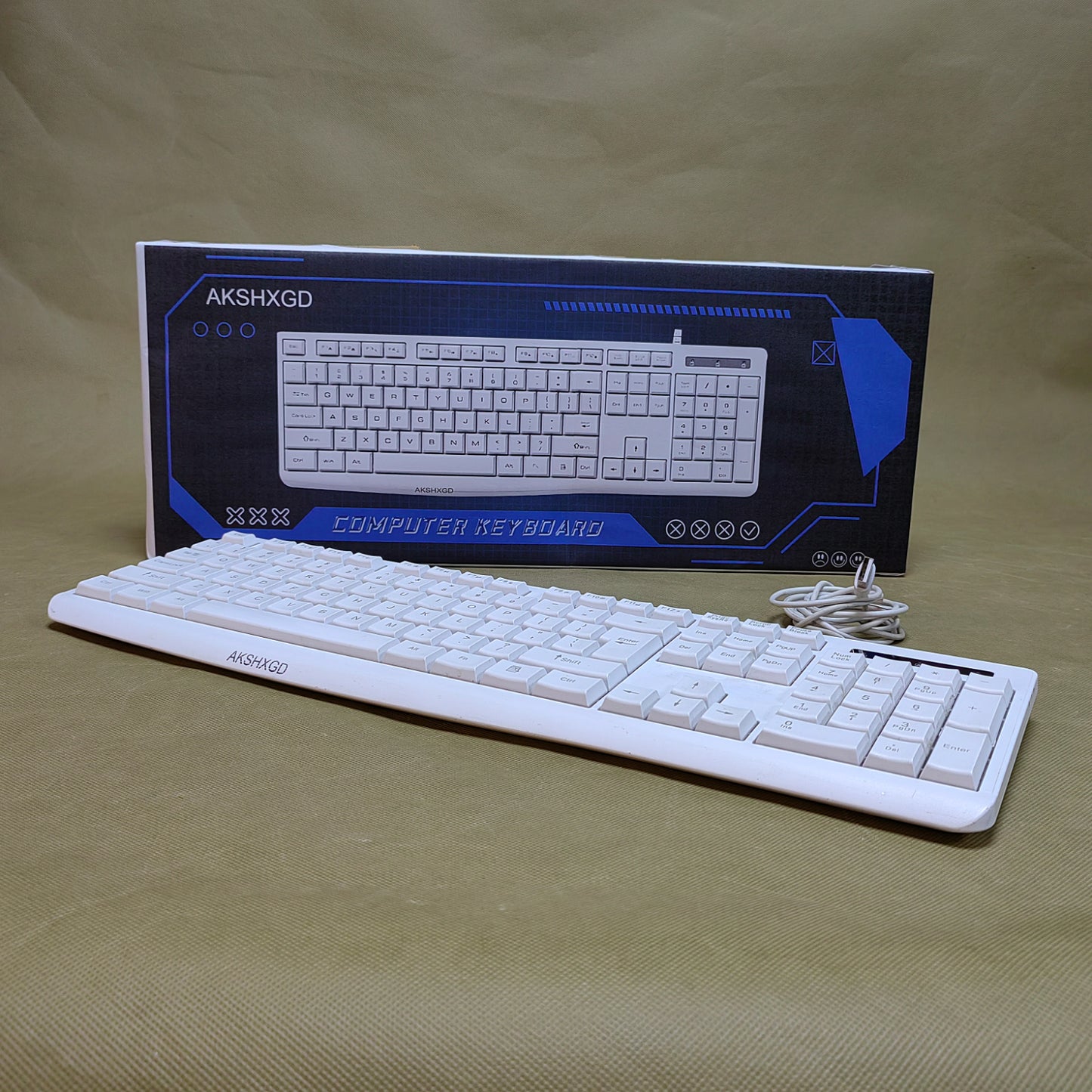 AKSHXGD Computer keyboards, Wired Keyboard,Ergonomic, Comfortable Design,SB Plug-and-Play Connectivity, LED Indicators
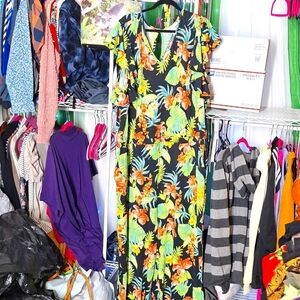SIGNATURE COLLECTION 3X TROPICAL PRINT JUMPER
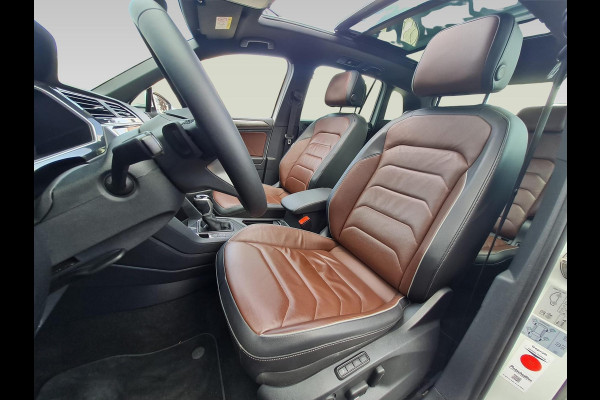 Volkswagen Tiguan 1.4 TSI eHybrid R-Line Business+ | PHEV | volleder | schuifdak | Virtual Cockpit | blind-spot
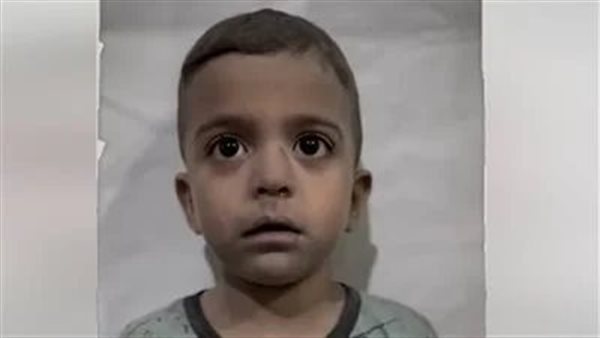 بكاء هيستيري..طفل فلسطيني يتصدر تريند السوشيال ميديا بعد قصف منزله | فيديو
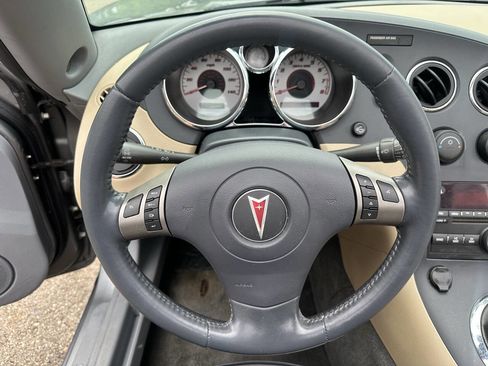 Used 2006 Pontiac Solstice Convertible w/ Premium Package image 13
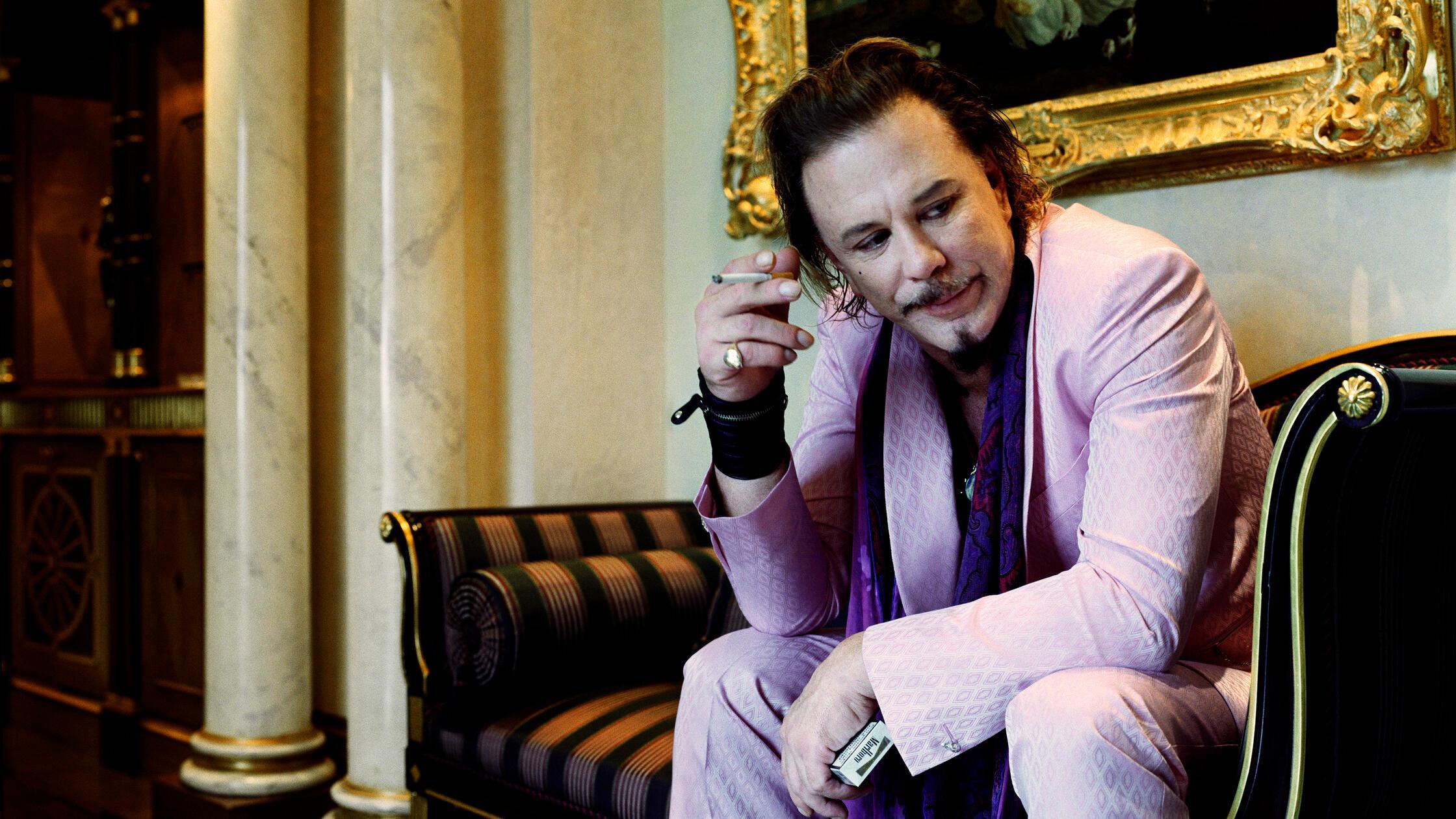 02 © Bryan Adams, Mickey Rourke, In a Pink suit, L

* * * * * * * * *

Going from the line that holds "بكاء هيستيري..طفل فلسطيني" to the end of the listing above, copy each line exactly and nothing more, leaving pictures aside.

Written answer -
 بكاء هيستيري..طفل فلسطيني يتصدر تريند السوشيال ميديا بعد قصف منزله | فيديو
 Used 2006 Pontiac Solstice Convertible w/ Premium Package image 13
 02 © Bryan Adams, Mickey Rourke, In a Pink suit, L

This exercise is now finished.